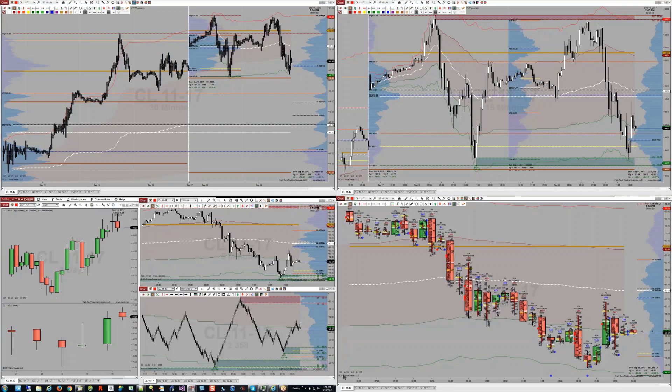Good day traders. Edge with HITECH Trading Analysis. I want to talk a little about tabs in NinjaTrader 8 and how we can possibly use tab charting to replace what we would have used as a workspace in NinjaTrader 7.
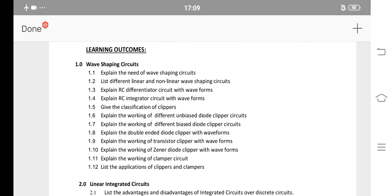Wave shaping circuits — important SA questions. Section 1.3 and 1.4: RC Differentiator and RC Integrator, with waveforms and circuit diagrams. These are 2 circuits with waveforms. Section 1.5 is also important.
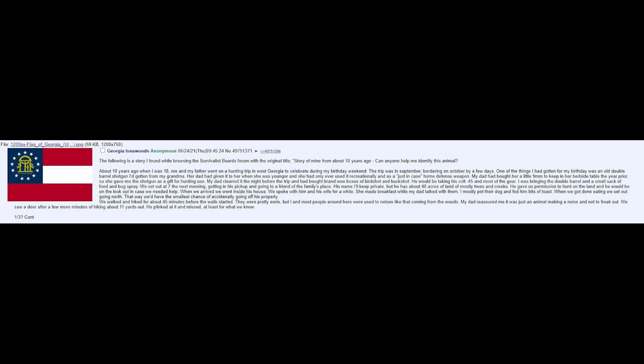About 10 years ago when I was 18, me and my father went on a hunting trip in West Georgia to celebrate during my birthday weekend. The trip was in September, bordering on October by a few days.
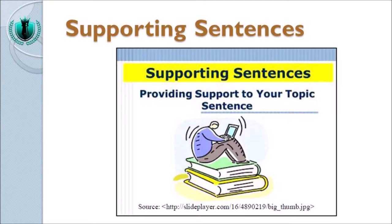Assalamualaikum warahmatullahi wabarakatuh. Dear students and listeners everywhere, previously I have shared explanation about writing topic sentences and a few theories on writing paragraphs as well as academic writing in English. Now we come to the next part of a paragraph.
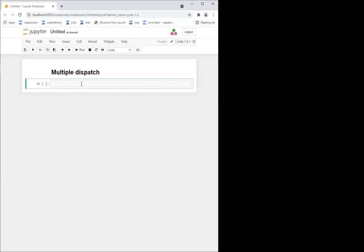So can you see my empty notebook now? Perfect. So now we're going to talk about multiple dispatch, which is actually one of the things that makes Julia really Julia — one of the cool things about Julia. And here we are just giving a basic introduction.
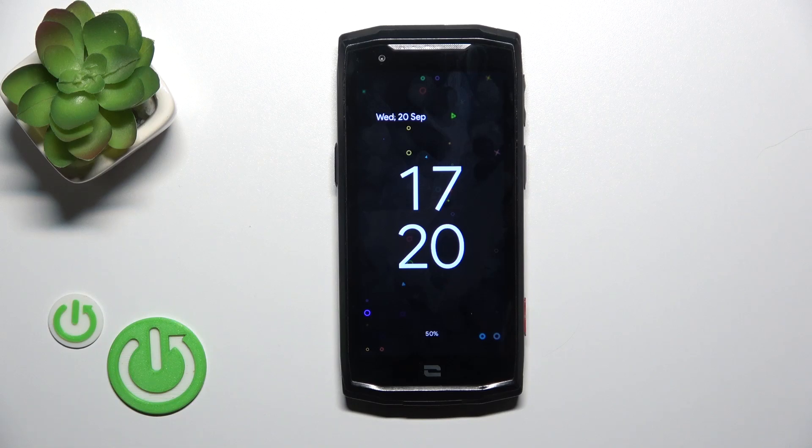Hi, this is the CrossCode Core M5 and I'll show you how to turn off the Always On Display option on this device.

§ Required action
Only the lines from the one holding "So can you see" to the last line of the entries above should be printed, exactly as they appear and with no pictures.

§ Reply
So can you see my empty notebook now? Perfect. So now we're going to talk about multiple dispatch, which is actually one of the things that makes Julia really Julia — one of the cool things about Julia. And here we are just giving a basic introduction.
Hi, this is the CrossCode Core M5 and I'll show you how to turn off the Always On Display option on this device.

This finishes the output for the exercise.